### Data extract
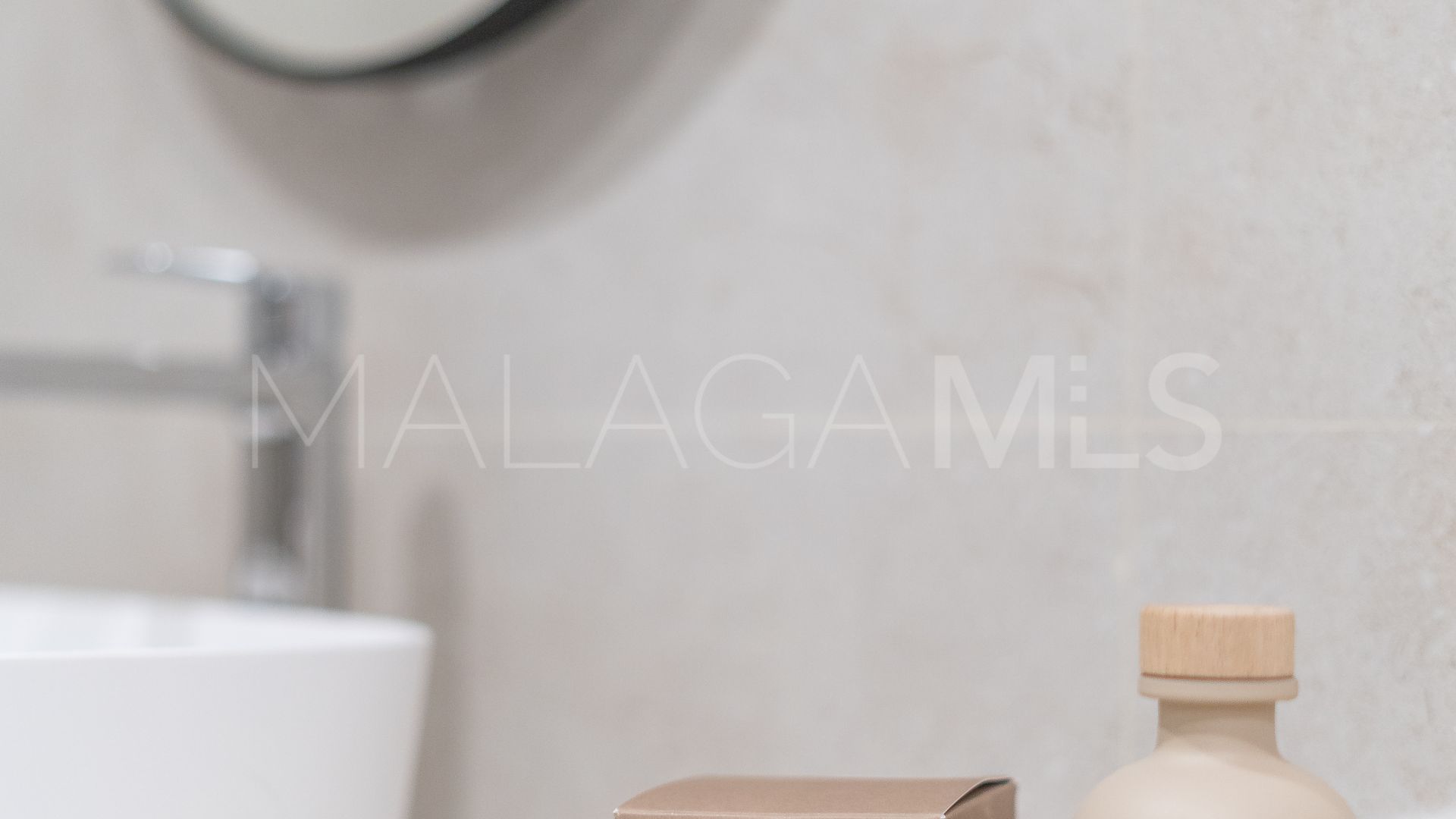 Apartment for sale in Estepona Town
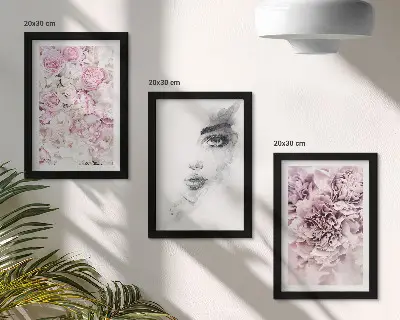 Gallery wall delicate pioenrozen en zwart-wit portret van een vrouw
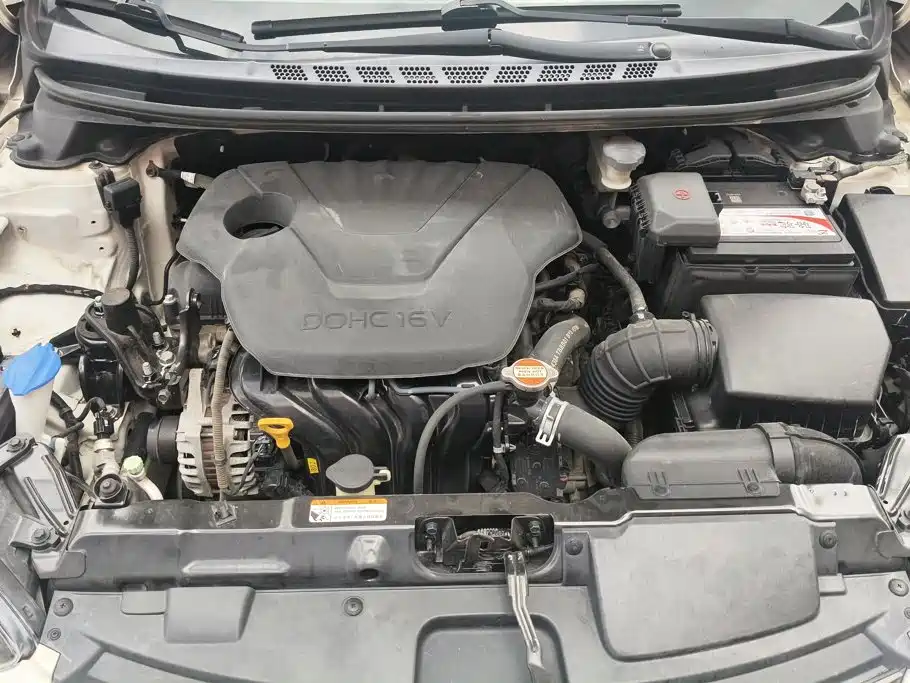 Hyundai Elantra Langdong — миниатюра 10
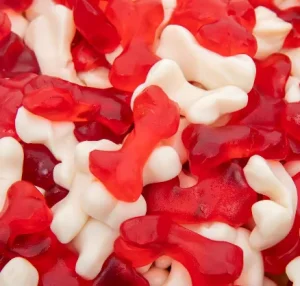 Holeywood Fruity Sweet Mixed Oil Gummies Multi Colored Red White Bones Shapes Healthy Snacks 2.5kg OEM Factory Packaged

### Problem statement
A faithful copy of all the data above, without its pictures, is the expected result.

### Solution to this task
 Apartment for sale in Estepona Town
 Gallery wall delicate pioenrozen en zwart-wit portret van een vrouw
 Hyundai Elantra Langdong — миниатюра 10
 Holeywood Fruity Sweet Mixed Oil Gummies Multi Colored Red White Bones Shapes Healthy Snacks 2.5kg OEM Factory Packaged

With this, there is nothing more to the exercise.